## EXERCISE
Copy, please, the line with "Diploma B.tech ITI" and each line that follows it through the end of the data below, exactly as given and without pictures.

□ □ □

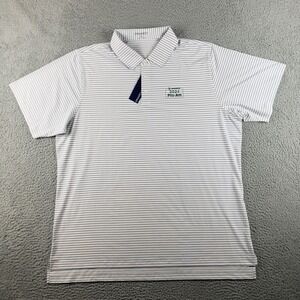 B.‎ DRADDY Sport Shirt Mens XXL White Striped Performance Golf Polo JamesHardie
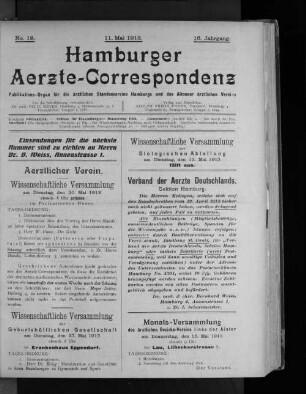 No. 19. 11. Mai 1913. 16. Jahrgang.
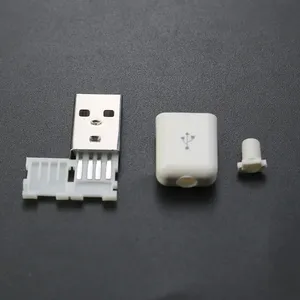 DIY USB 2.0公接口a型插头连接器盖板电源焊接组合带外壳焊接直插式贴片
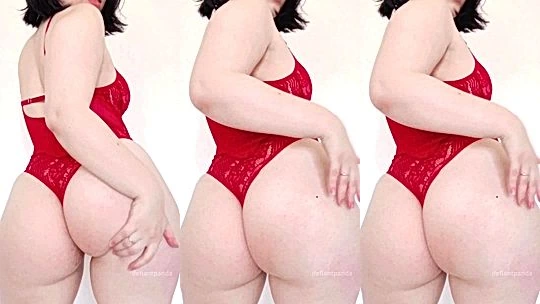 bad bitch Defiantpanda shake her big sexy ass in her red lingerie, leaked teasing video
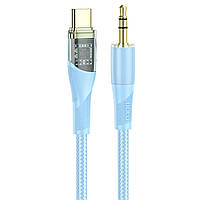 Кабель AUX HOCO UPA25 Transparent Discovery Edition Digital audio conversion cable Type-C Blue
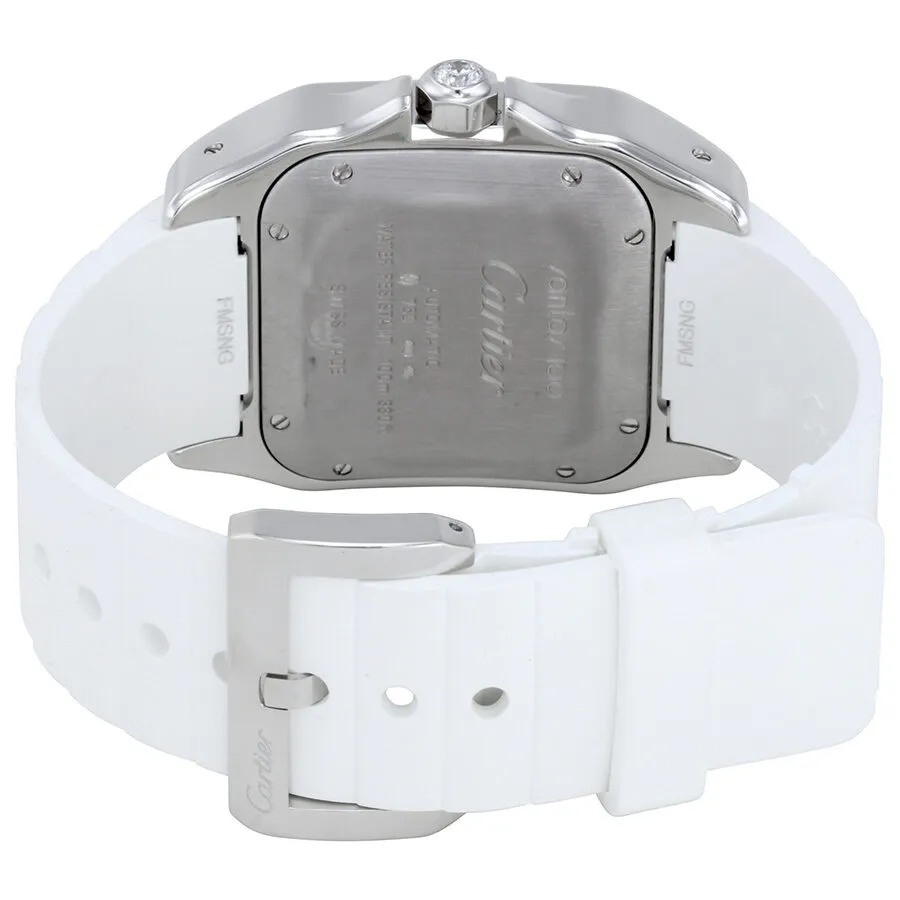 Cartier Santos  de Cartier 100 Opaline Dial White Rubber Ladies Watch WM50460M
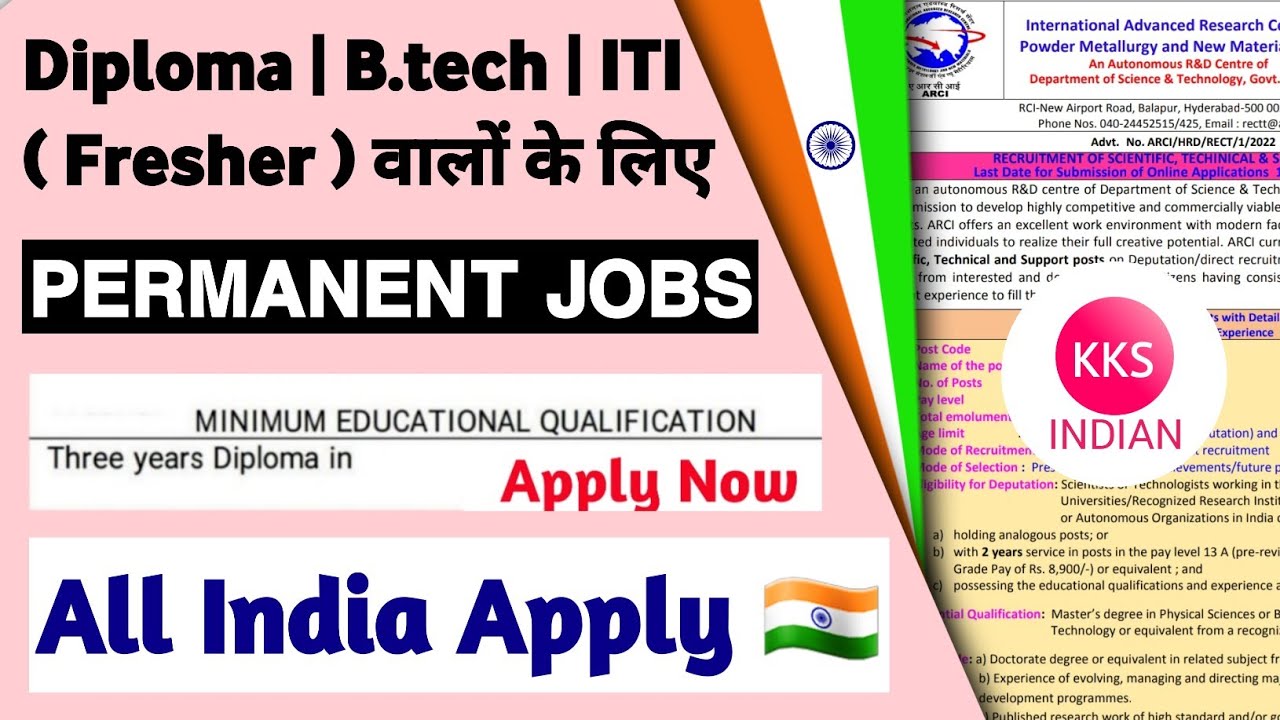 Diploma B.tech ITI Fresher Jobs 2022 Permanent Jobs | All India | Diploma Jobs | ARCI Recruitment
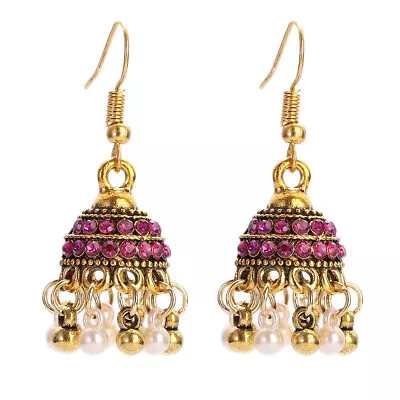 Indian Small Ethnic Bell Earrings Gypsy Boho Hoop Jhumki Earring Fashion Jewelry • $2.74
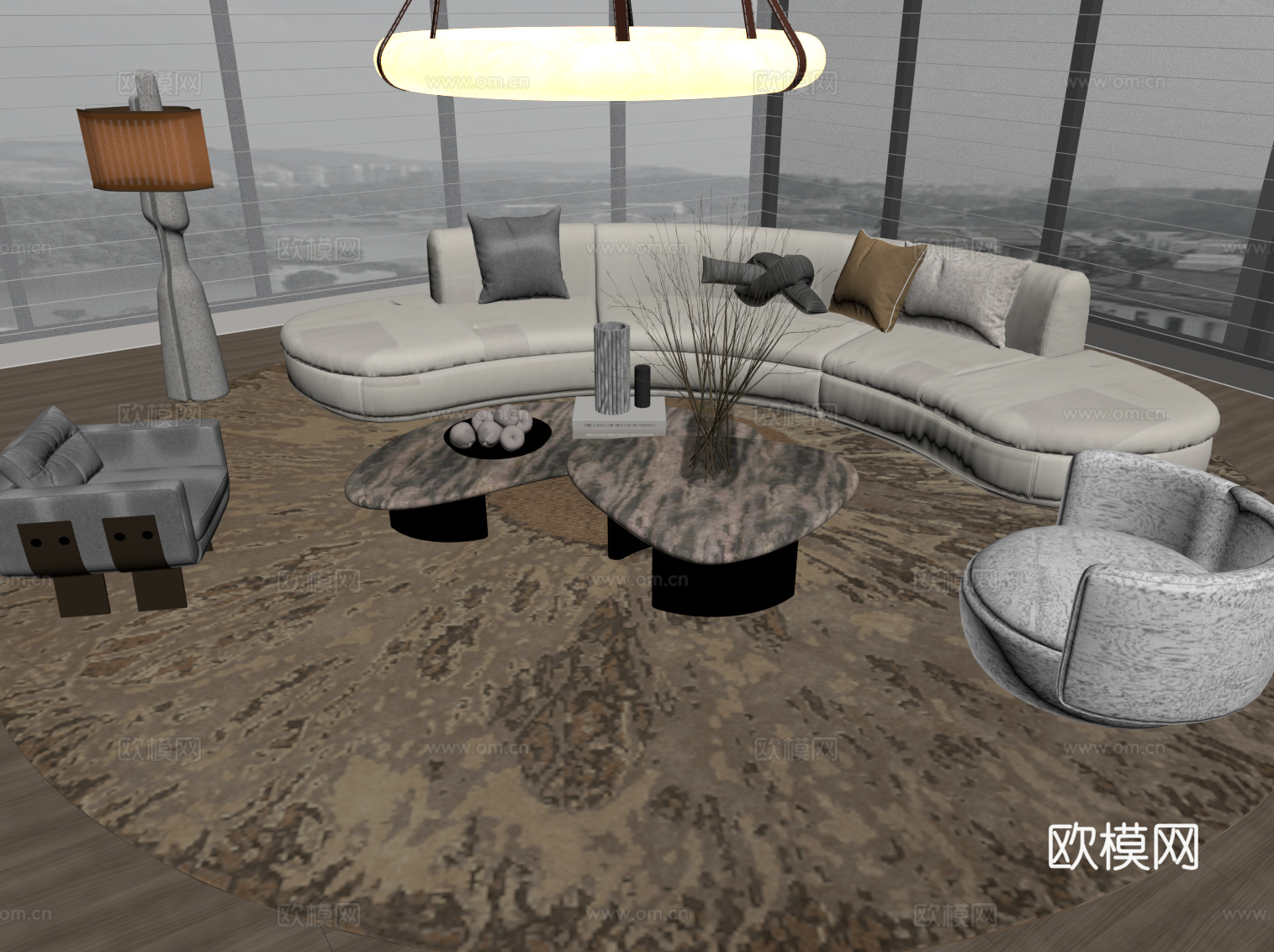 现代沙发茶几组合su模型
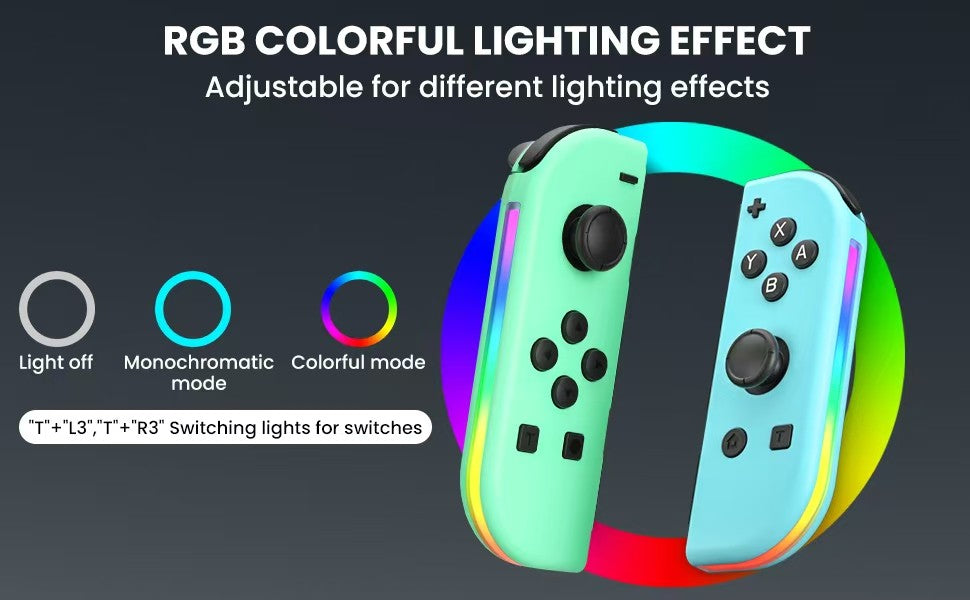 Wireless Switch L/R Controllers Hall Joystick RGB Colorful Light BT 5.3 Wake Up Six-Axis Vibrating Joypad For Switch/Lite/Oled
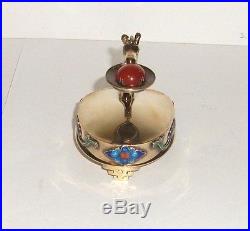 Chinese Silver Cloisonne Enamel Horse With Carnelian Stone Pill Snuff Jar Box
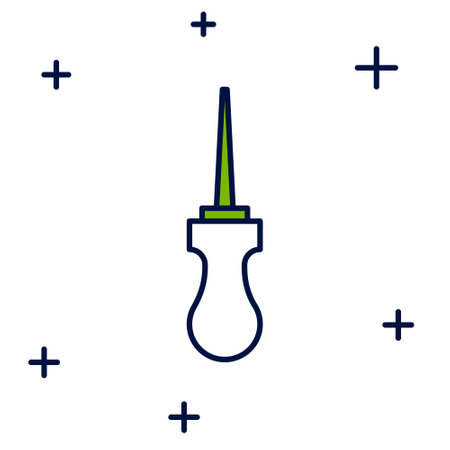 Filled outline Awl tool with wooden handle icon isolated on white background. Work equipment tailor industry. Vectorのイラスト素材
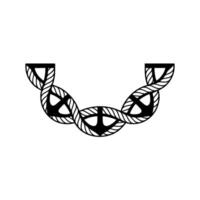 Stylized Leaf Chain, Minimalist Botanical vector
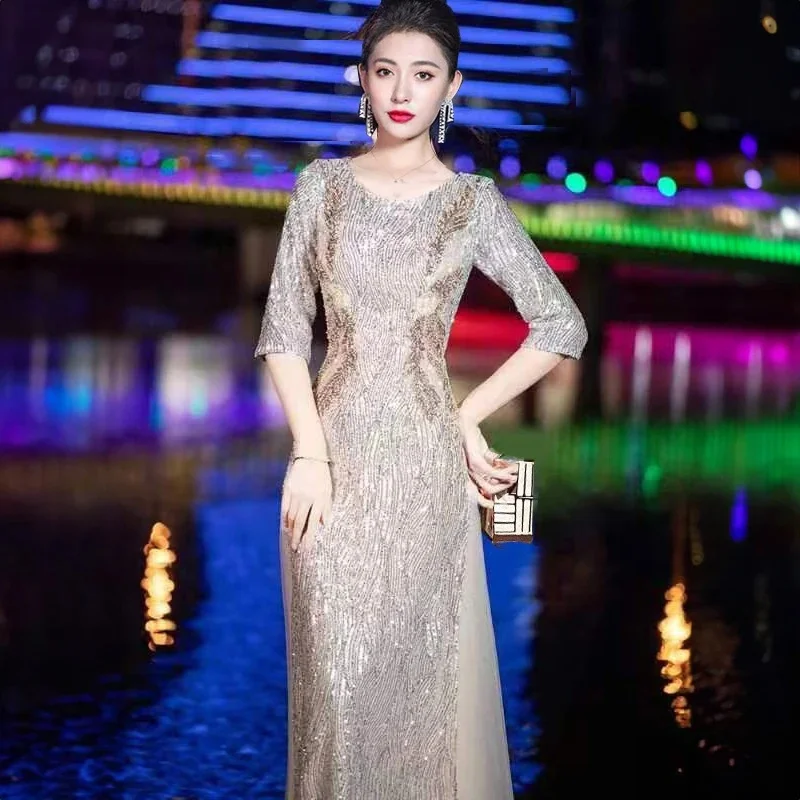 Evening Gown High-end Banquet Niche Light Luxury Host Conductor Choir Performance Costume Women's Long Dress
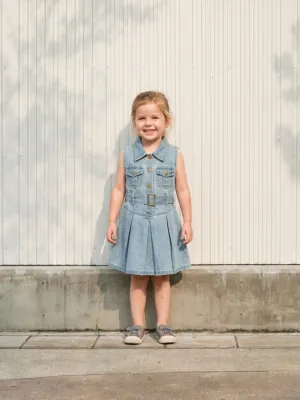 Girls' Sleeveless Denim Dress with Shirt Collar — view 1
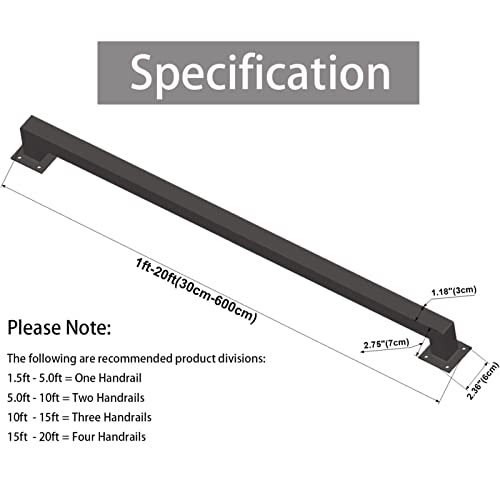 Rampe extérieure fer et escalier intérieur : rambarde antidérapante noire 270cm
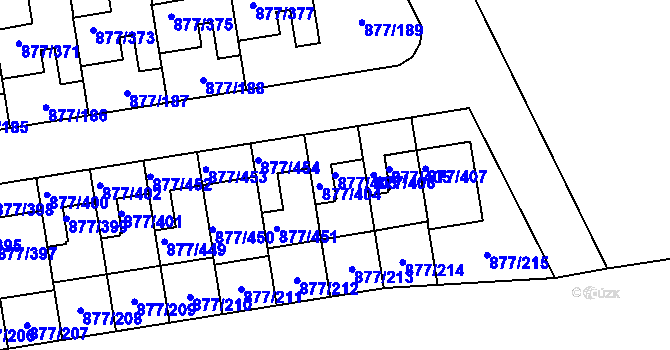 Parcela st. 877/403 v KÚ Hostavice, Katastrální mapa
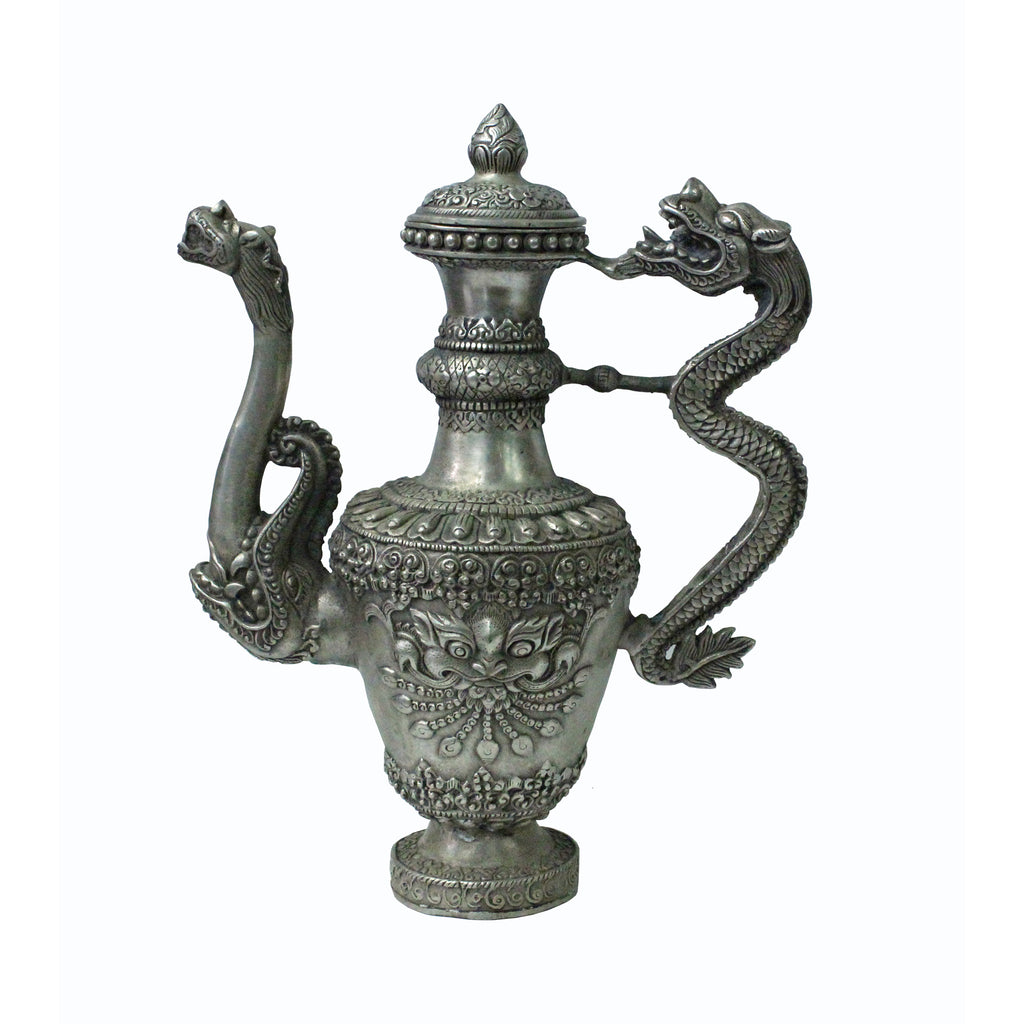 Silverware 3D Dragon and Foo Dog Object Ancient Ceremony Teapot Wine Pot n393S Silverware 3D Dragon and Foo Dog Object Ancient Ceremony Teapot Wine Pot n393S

□ □ □

## WRITTEN REPLY
 Diploma B.tech ITI Fresher Jobs 2022 Permanent Jobs | All India | Diploma Jobs | ARCI Recruitment
 Indian Small Ethnic Bell Earrings Gypsy Boho Hoop Jhumki Earring Fashion Jewelry • $2.74
 现代沙发茶几组合su模型
 Wireless Switch L/R Controllers Hall Joystick RGB Colorful Light BT 5.3 Wake Up Six-Axis Vibrating Joypad For Switch/Lite/Oled
 Chinese Silver Cloisonne Enamel Horse With Carnelian Stone Pill Snuff Jar Box
 Filled outline Awl tool with wooden handle icon isolated on white background. Work equipment tailor industry. Vectorのイラスト素材
 Stylized Leaf Chain, Minimalist Botanical vector
 Evening Gown High-end Banquet Niche Light Luxury Host Conductor Choir Performance Costume Women's Long Dress
 Girls' Sleeveless Denim Dress with Shirt Collar — view 1
 Rampe extérieure fer et escalier intérieur : rambarde antidérapante noire 270cm
 Parcela st. 877/403 v KÚ Hostavice, Katastrální mapa
 Silverware 3D Dragon and Foo Dog Object Ancient Ceremony Teapot Wine Pot n393S Silverware 3D Dragon and Foo Dog Object Ancient Ceremony Teapot Wine Pot n393S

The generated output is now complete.